_YOUR INSTRUCTIONS_. Return the lines below in which the string "with" occurs.

_DATA IN THIS EXERCISE_.

· · · · · · ·

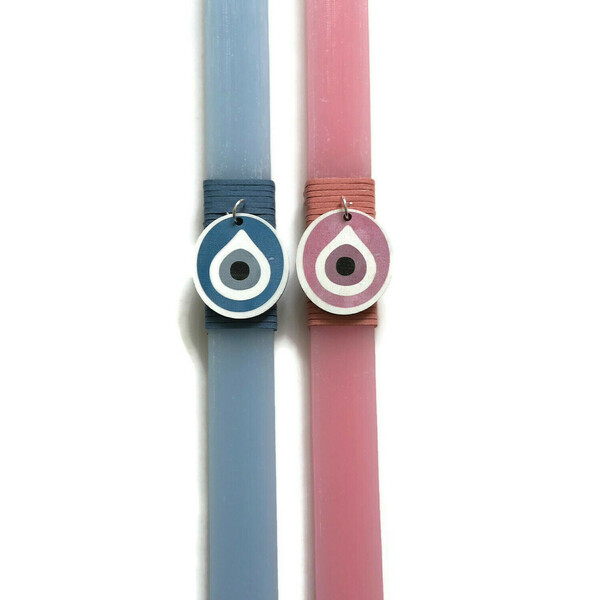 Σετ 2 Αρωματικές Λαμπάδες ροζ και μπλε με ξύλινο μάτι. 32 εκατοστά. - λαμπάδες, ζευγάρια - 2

· · · · · · ·

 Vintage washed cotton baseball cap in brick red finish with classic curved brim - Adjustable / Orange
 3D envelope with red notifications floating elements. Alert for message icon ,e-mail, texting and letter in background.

· · · · · · ·

_RESPONSE AREA_.
 Vintage washed cotton baseball cap in brick red finish with classic curved brim - Adjustable / Orange
 3D envelope with red notifications floating elements. Alert for message icon ,e-mail, texting and letter in background.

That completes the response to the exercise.